Um barulho exagerado causou o texto "O papel da oposição", do ex-presidente Fernando Henrique Cardoso. Ele toca em um tema sensível - o lento caminhar das oposições para a irrelevância. O apelo de Fernando Henrique, entre irado e aflito, é uma tentativa de ampliar os horizontes de seu partido, o PSDB, para uma luta política extremamente difícil. É um chamado oportuno para uma legenda que já perdeu três vezes a corrida presidencial e um desafio lançado à autossuficiente intelectualidade tucana. Mas as respostas esboçadas nem sempre estão à altura das dificuldades que se propõem superar, o diagnóstico exclui em parte uma autocrítica relevante e não escapa por vezes do maniqueísmo.

A frase que mais atenção e polêmica causou - a que prega a necessidade de evitar a disputa com o PT, já perdida, nos "movimentos sociais" ou "povão" - é o centro do reexame de rumos proposto por Fernando Henrique. De repente, as dificuldades para as oposições tornaram-se enormes porque houve no país, segundo o autor, o "triunfo do capitalismo" e a "adesão progressiva - no começo envergonhada e por fim mais deslavada - do petismo lulista à nova ordem e a suas ideologias". Um terceiro ingrediente foi o "efeito dissolvente que o carisma de Lula produziu nas instituições".

FHC estende seu diagnóstico ao Congresso, que perdeu sua "força político-transformadora" por dois motivos. Um, a transformação dos partidos em "clubes congressuais". Outro, o fato de que "muitos parlamentares trocaram o exercício do poder no Congresso por um prato de lentilhas". Os dois fatores são relevantes, mas não novos. Desde a redemocratização, se não antes, é assim. O ex-presidente teve como aliado preferencial de seu governo o então PFL, um rebento da ditadura que só sobreviveria agarrado ao poder e que não se contentava só com um prato de lentilhas.

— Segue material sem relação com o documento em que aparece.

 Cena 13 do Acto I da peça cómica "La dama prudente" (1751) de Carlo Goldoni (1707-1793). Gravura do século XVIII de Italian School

Seu herdeiro, o DEM, definha.

O PSDB foi batido pelo único partido de massas no país. Nunca teve o seu forte na mobilização popular. Um passo teórico lógico, dado por Fernando Henrique, foi buscar novos atores que não as "massas carentes e pouco informadas". Entre os movimentos sociais cooptados pelo PT estariam as centrais sindicais e os movimentos organizados da sociedade civil, atraídos por "benesses e recursos". Essa visão reducionista evita aprofundar as razões mais profundas de tão generalizada cooptação. Pode ter havido a concordância ideológica com o governo petista, o apoio a iniciativas petistas consideradas relevantes, interesses materiais e até a provável repulsa a oito anos de governo do PSDB. O PT estendeu e aprofundou os programas sociais esboçados pelo governo FHC e, sem dúvida, ampliou seu eleitorado tendo como garantia a maior e inestimável herança tucana - o fim da era inflacionária.

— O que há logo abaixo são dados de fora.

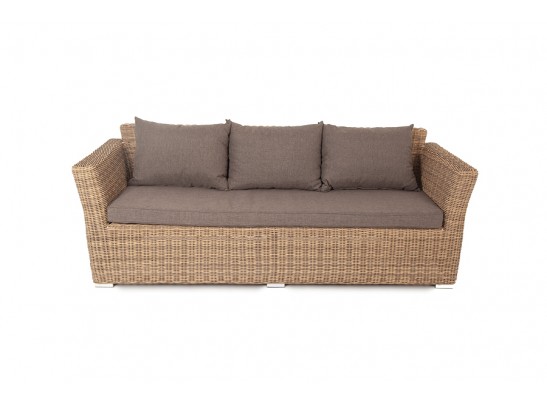"Капучино" диван из искусственного ротанга трехместный, цвет соломенный в Набережных Челнах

A quem falar então, se o atual partido no poder mudou e assumiu as bandeiras tucanas que condenava? Para FHC, "existe toda uma gama de classes médias, de novas classes possuidoras (empresários de novo tipo e mais jovens), de profissionais das atividades contemporâneas ligadas à tecnologia da informação e ao entretenimento, aos novos serviços espalhados pelo Brasil afora, às quais se soma o que vem sendo chamado sem muita precisão de "classe C" ou de nova classe média".

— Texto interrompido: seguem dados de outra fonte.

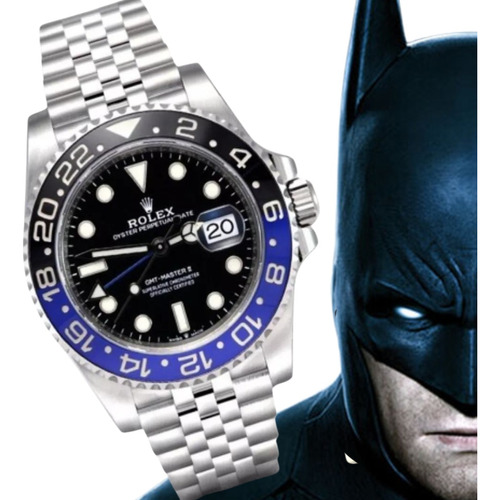 Relógio Masculino Gmt Master Batman Com Caixa Manual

O ex-presidente foi feliz em definir, assim, aquele que já é o eleitorado tucano - e não é pouca gente. José Serra obteve 43,7 milhões de votos e o PSDB conquistou três dos mais ricos Estados do país: São Paulo, Minas e Paraná. Resta a nova classe C. Mas os meios sugeridos para atingir esse público parecem acanhados diante da magnitude da tarefa política visada. FHC propõe que as oposições caiam na internet e nas redes sociais, se organizem nos "meios eletrônicos", "voltem às salas de aulas", procurem "organizações de bairro, um sem-número de grupos musicais e culturais nas periferias das grandes cidades, etc". A surpresa é que isso não tenha sido feito até agora. A mensagem que o PSDB levará, além de suas conhecidas posições liberais, inclui a "clara defesa de uma sociedade democrática comprometida com causas universais, como os direitos humanos e a luta contra a opressão, mesmo quando esta vem mascarada de progressismo, apoiada em políticas de distribuição de rendas e de identificação das massas com o Chefe". É unilateral demais - fim da opressão e respeito aos direitos humanos foram bandeiras de luta contra a ditadura. Aplicá-las a governos petistas não é plausível.

Fernando Henrique instigou a imprescindível busca de novos rumos pela oposição. Pelo visto, ela apenas começa - será uma longa caminhada.